### Task item
Transcribe exactly the first line of the listing below and each line that follows it, ending with the line that contains "carpeted spare room", and omit the remainder.

### Information shown
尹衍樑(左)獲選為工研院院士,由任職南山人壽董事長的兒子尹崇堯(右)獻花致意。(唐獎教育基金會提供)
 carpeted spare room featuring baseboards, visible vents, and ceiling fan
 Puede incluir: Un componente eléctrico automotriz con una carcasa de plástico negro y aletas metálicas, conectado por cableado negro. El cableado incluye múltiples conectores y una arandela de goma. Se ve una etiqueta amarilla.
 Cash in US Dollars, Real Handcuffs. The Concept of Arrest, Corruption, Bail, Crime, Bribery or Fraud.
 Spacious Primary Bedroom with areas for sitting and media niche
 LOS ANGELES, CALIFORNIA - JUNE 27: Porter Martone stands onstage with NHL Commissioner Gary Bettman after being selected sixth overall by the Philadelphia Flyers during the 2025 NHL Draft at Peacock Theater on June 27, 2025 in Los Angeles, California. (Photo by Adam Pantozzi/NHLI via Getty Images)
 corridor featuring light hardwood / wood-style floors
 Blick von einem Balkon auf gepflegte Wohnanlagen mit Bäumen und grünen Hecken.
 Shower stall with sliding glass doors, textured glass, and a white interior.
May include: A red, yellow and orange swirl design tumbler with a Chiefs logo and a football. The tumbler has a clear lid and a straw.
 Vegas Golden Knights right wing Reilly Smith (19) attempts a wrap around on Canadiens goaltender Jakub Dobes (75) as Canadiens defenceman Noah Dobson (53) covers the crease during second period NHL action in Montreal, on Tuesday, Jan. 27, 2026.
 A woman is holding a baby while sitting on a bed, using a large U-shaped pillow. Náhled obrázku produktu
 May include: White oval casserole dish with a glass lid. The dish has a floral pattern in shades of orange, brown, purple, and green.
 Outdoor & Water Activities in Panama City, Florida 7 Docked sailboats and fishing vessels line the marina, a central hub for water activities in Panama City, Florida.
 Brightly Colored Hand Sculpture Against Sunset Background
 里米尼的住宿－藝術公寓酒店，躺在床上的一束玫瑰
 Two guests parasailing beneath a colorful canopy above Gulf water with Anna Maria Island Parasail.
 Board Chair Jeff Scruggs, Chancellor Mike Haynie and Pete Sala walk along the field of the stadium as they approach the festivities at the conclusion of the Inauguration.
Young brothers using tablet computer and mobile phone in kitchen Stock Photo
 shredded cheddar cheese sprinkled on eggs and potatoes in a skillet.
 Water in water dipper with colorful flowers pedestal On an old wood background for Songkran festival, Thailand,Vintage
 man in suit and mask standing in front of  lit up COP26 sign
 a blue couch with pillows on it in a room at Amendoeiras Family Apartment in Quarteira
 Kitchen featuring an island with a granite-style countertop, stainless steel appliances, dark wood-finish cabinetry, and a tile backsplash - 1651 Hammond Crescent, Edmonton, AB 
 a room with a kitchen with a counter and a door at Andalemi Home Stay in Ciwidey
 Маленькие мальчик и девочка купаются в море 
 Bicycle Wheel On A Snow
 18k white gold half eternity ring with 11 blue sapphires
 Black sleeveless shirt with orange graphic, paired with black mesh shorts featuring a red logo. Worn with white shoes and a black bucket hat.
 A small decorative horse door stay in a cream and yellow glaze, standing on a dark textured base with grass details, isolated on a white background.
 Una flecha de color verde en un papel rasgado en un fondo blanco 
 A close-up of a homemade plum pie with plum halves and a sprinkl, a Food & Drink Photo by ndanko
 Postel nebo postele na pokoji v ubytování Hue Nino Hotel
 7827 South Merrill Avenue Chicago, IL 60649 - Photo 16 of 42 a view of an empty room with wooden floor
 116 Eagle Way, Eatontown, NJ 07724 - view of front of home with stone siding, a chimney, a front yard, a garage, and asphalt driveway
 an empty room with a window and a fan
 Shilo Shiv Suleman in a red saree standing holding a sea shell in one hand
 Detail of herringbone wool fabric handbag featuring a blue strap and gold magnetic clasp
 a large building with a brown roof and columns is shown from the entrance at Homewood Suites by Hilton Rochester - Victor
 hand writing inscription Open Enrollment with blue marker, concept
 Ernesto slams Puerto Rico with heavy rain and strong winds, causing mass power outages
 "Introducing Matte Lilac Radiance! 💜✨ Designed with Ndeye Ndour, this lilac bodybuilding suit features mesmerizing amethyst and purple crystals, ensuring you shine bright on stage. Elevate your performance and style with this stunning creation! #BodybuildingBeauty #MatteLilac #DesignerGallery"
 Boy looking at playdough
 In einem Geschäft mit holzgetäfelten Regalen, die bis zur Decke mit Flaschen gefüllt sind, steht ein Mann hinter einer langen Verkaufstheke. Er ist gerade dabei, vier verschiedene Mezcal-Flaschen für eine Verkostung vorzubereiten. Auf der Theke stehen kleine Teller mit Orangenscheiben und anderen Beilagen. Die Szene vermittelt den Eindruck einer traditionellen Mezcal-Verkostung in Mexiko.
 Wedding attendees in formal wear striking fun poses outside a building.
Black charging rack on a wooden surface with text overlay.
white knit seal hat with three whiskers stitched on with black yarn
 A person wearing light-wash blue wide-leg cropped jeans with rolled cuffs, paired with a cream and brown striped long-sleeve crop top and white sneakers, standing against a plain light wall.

### Solution for this problem
尹衍樑(左)獲選為工研院院士,由任職南山人壽董事長的兒子尹崇堯(右)獻花致意。(唐獎教育基金會提供)
 carpeted spare room featuring baseboards, visible vents, and ceiling fan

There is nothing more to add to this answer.